Snow globes brighten a shelf at Tuesday Morning in Glendale as the retailer tries to get a jump on what is expected to be a challenging holiday season.

It's beginning to look a lot like a nail-biting Christmas for retailers, who are facing what some analysts predict could be the worst sales season since the 1991 recession.

Consumers are snapping their wallets shut in the face of higher food and gasoline prices, depressed home values and a swooning stock market. Added to that, retailers have five fewer shopping days than 2007 due to a late Thanksgiving.

In response, stores are planning to hire fewer seasonal workers, emphasizing value and rolling out holiday promotions earlier than usual. Some 60 percent of national retail chains surveyed by the Hay Group plan to run more sales in December this year.

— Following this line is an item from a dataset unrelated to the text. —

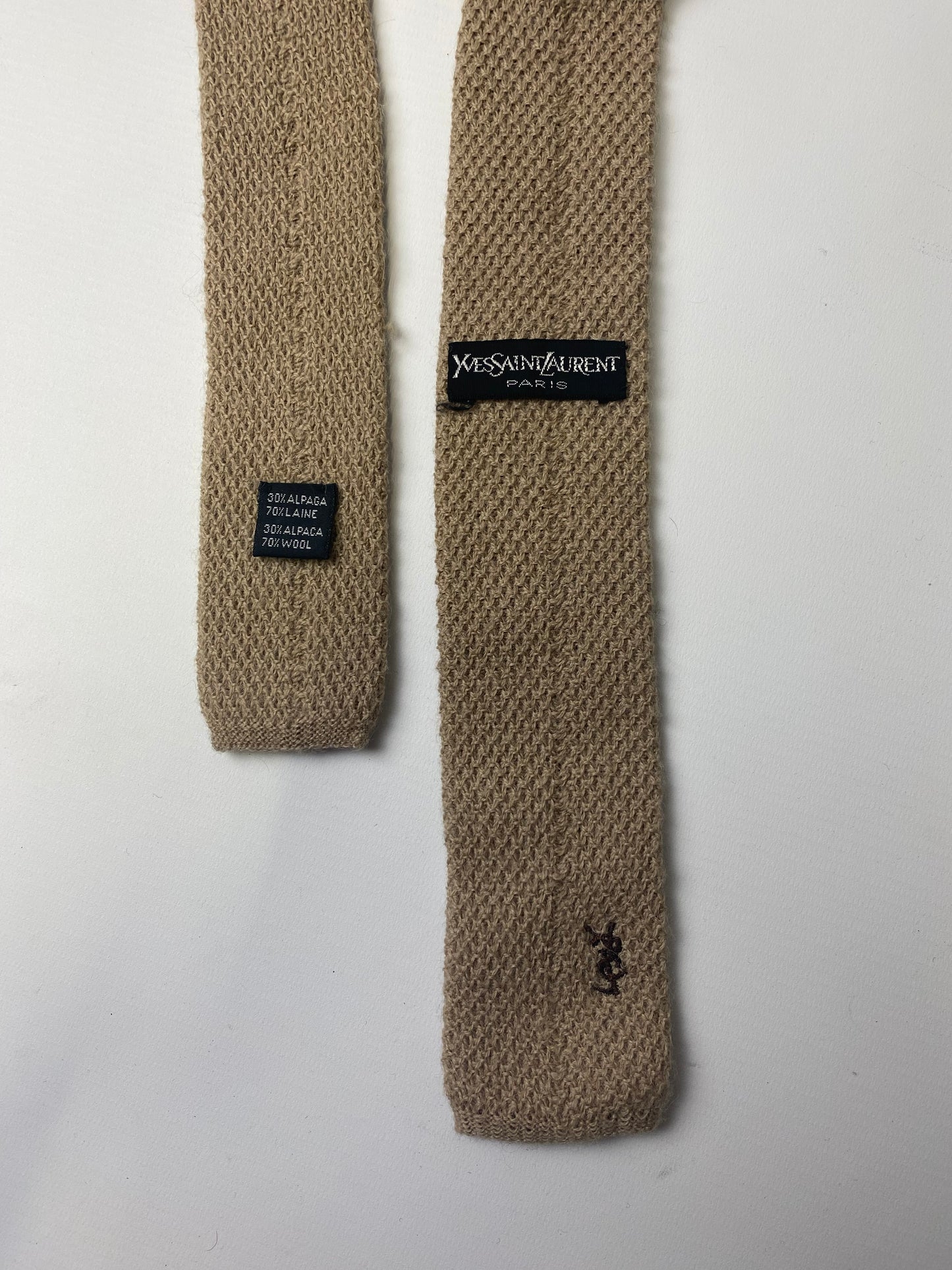 YSL Brown Knitted Tie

"It's going to be a very aggressive Christmas," said Craig Rowley, national retail practice leader at the Hay Group. "You're going to see stores promoting the holidays earlier, and the markdowns come quicker and sooner."

Wal-Mart, the nation's largest retailer, led the charge by announcing that it will open its Christmas shops a week earlier and is cutting prices on 10 popular toys to $10 each. Companies such as Target say they plan to focus on gifts under $25.

The holiday season is always make-or-break for retailers, who can make as much as 40 percent of the year's sales in November and December. Grim predictions for this year's holiday season began trickling out last month - and none of those had a chance to take into account the accelerating stock market rout of the past two weeks.

Market research firm TNS Retail Forward predicts sales to rise a mere 1.5 percent in the fourth quarter, the smallest gain in 17 years. The National Retail Federation expects sales to rise 2.2 percent, the slowest growth since 2002 and well below the 10-year average of 4.4 percent.

The Nielsen Co. released a survey Thursday showing that more than one-third of U.S. consumers across all income levels expect to spend less than in previous years, while 50 percent expect to spend the same.

Retailers such as Best Buy plan to highlight products such as video games and home entertainment products, anticipating that newly austere customers will be cutting back on restaurant meals and going out.

"Anything that allows people to spend time at home with their families is going to be big," said Jerome McKay, manager of the Best Buy in Aurora.

Nationwide, fourth-quarter hiring expectations in wholesale and retail businesses are at a 17-year low, according to a Manpower survey.

McKay couldn't discuss Best Buy's specific holiday staffing plans, but said the electronics retailer plans to staff up in order to keep customer flow smooth and to stay open the marathon hours that have become a hallmark of big-box retailers.

Ross Manning, senior vice president and general merchandise manager at discount home retailer Tuesday Morning, acknowledged that this holiday season is going to be "challenging," but he isn't pessimistic. The retailer has seen an uptick in new customers since August while older customers continue to come in even if "their buying habits might've changed slightly," he said.

The company also hopes to capitalize on the anticipated "nesting" trend as well, hoping customers will snap up crystal punch bowls and handcrafted nutcrackers to make their homes look more festive to compensate for not traveling.

"Our customer may not be going to Vail this Christmas or taking the kids to Hawaii, but the house will be decorative," Manning said.